Алексей Голубович: Формально я был акционером Группы МЕНАТЕП (Гибралтар) недолго, так как в какой-то момент поступило указание переоформить акции на траст, которым я сам не управлял. Вообще, я не мог распоряжаться акциями, не мог реалистично оценить их стоимость и не считал, что когда-либо получу за них существенные, в моем понимании, деньги. Поэтому я до 2005 года не интересовался пакетом акций, которые Ходорковский мне предложил как-то в самолете в конце 1990-х и фактически подарил.

Я спросила Алексея, почему его фамилии не было в числе акционеров, когда летом 2002 года Group MENATEP Limited раскрыла структуру собственности. Собственно, только его фамилии и не было. Вместо его имени значилось: «другие» с 4,5 % акций. Он ответил: «Я не выражал ни положительного, ни отрицательного отношения к публикации этих данных. Я только заметил, что примерно в это время кто-то пытался разместить в СМИ несколько небольших негативных статей про МЕНАТЕП и про меня. А потом Ходорковский сказал, что пришлось уменьшить „мой“ пакет акций до размера менее 5 % капитала, так как в этом случае можно не раскрывать бенефициара на Западе. Причина, придуманная им для объяснения, — мои занятия бизнесом на рынке ценных бумаг — была нереалистичной, поэтому я просто решил, что это реакция на мой уход из ЮКОСа, и меня это полностью устроило. Среди прочих бумаг по акциям Группы МЕНАТЕП я должен был подписать опцион, по которому акции можно было принудительно выкупить у владеющего ими траста по любой цене. Поскольку акциями распоряжался менатеповский юрист, то я сам продать их не мог, процедура этого не требовала. Их изъяли без моего участия и не у меня».

Леонид Невзлин: Насколько я помню, ситуация была такая. Миша сказал, что мы все попадаем под удар: все, у кого в Группе больше 5 % акций, будут опубликованы как владельцы. Голубович не захотел. Тогда Миша сказал, что есть вариант сделать его долю менее 5 % и тогда можно не публиковать. Он сказал: да, я этого хочу.

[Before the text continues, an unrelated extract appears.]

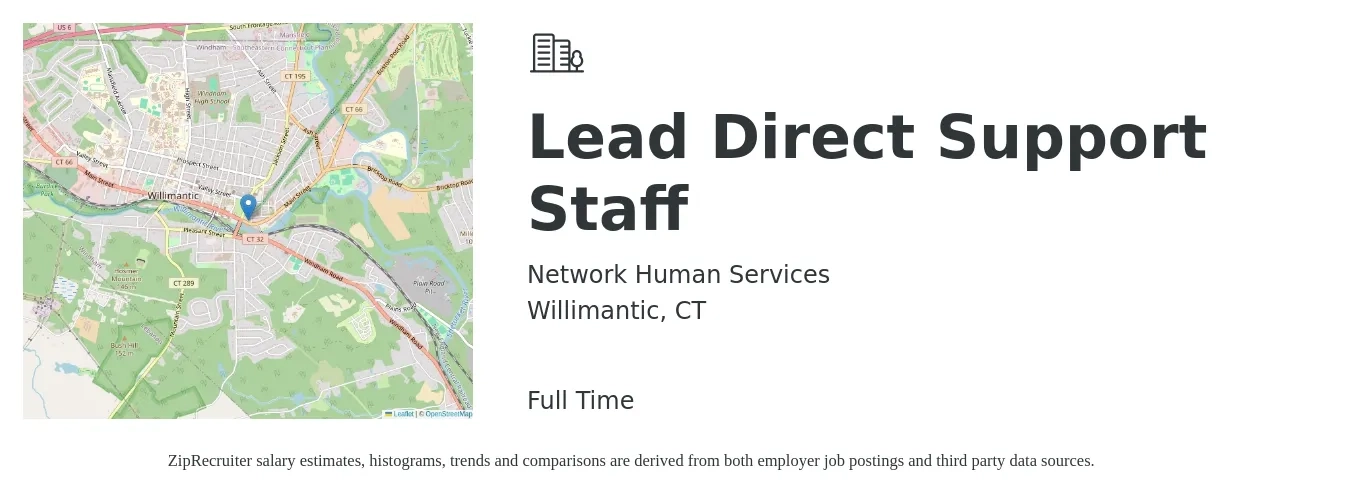 Network Human Services job posting for a Lead Direct Support Staff in Willimantic, CT with a salary of $14 to $17 Hourly with a map of Willimantic location.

Голубович оставался акционером до 2006-го. Мы были заинтересованы в том, чтобы он взял номинал и ушел из Группы после того, как оказался предателем. И он, видимо, не очень хотел оставаться. Он получил деньги и ушел с деньгами. Он торговался, мы торговались, и мы его выкупили. Но мы торговались только за цену. Никто без него никакие переговоры не проводил. Он вел переговоры с нашим представителем, естественно, как и полагается. У него действительно было не очень много прав по нашему внутреннему соглашению. Он не мог пойти на улицу продать, но он мог продавать или не продавать. Если бы он не ушел, то он абсолютно пропорционально тому, что у него было в Группе, получал бы долю собственности, денег, дивидендов и так далее. Мы хотели, чтобы он ушел. Группа сохранилась, но без него.